Let $A \in \mathbb{R}^{n \times n}$ be symmetric and positive definite and fix vector $x_0 \in S^{n-1}$, which means $\|x_0\|_2 = 1$. We want to show
$$x_0^\intercal A^{-1} x_0 \leq c$$
for a fixed vector $x_0$. We want to convert the problem in such a way to work with the matrix $A$ instead of $A^{-1}$.

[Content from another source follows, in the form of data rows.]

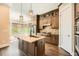 Gourmet kitchen featuring stainless steel appliances, a center island, and ample cabinet space at 504 E Howard Ave, Decatur, GA 30030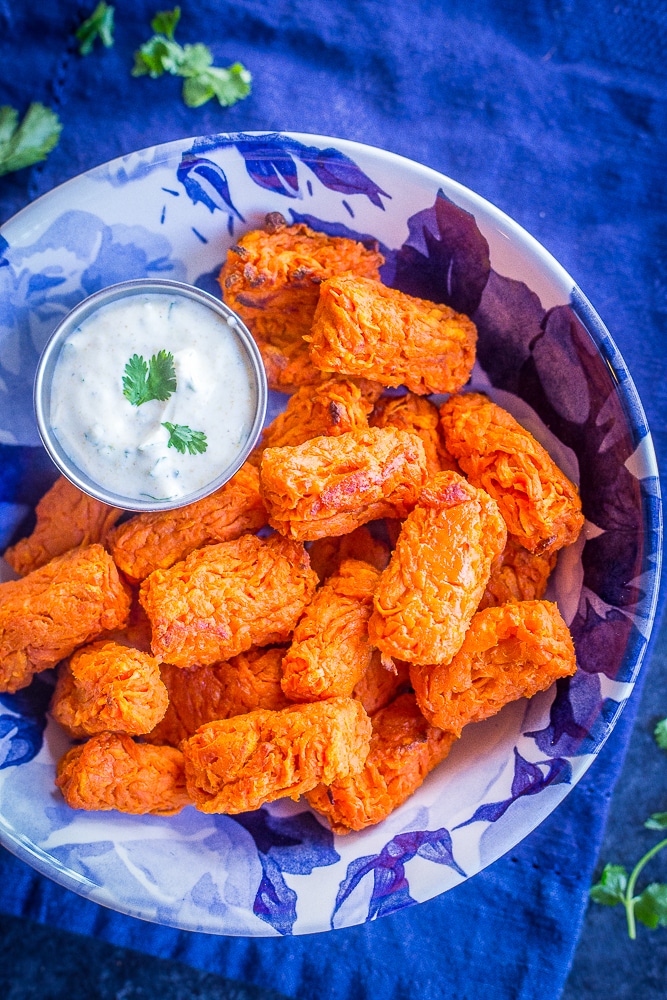 Sweet potato tots in a bowl with curry cilantro dip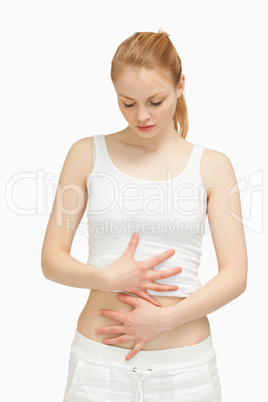 Woman placing her hands on her stomach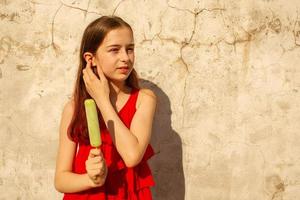 A girl 10 or 11 years old on a hot sultry day in a red dress. Summer teenager girl with ice cream. photo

One way to do this is the following. If we show that $x^\intercal A^{-1} x \leq c$ for any $x \in S^{n-1}$, then we can conclude $x_0^\intercal A^{-1} x_0 \leq c$. This means that all eigenvalues of $A^{-1}$ are smaller than or equal to $c$ or equivalently, all eigenvalues of $A$ are greater than or equal to $1/c$. In other words,
$$x^\intercal A x \geq 1/c \quad \text{ for all } x \in S^{n-1} \quad \Rightarrow \quad x_0^\intercal A^{-1} x_0 \leq c$$
Question: Showing $x^\intercal A x \geq 1/c$ for $x \in S^{n-1}$ is a much stronger result than $x_0 \in S^{n-1}$. It is possible to specifiy a smaller set $\mathcal{B} \in S^{n-1}$ based on $x_0$ such that
$$x^\intercal A x \geq 1/c \quad \text{ for all } x \in \mathcal{B} \quad \Rightarrow \quad x_0^\intercal A^{-1} x_0 \leq c?$$
My attempt: Eigenvectors of $A$ and $A^{-1}$ are the same. If $x_0$ is an eigenvector of $A$ with eigenvalue $\lambda_0$, then
$$x_0^\intercal A x_0 = \lambda_0 \geq \frac{1}{c} \quad \Rightarrow \quad x_0^\intercal A^{-1} x_0 = \frac{1}{\lambda_0} \leq c$$
So $\mathcal{B} = \{ x_0\}$ works here.
This isn't quite the lines you were working along, but you might find the following helpful. Using the Schur complement, we find that $c - x_0^\top A^{-1}x_0 \geq 0$ if and only if the matrix $$ M = \pmatrix{A & x_0\\x_0^\top & c} $$ is positive semidefinite. Using the other Schur complement, we see that this in turn holds if and only if the matrix $A - c^{-1}x_0x_0^\top$ is positive semidefinite. This holds if and only if we have $x^\top Ax \geq \frac{(x_0^\top x)^2}{c}$ for all $x \in S^{n-1}.$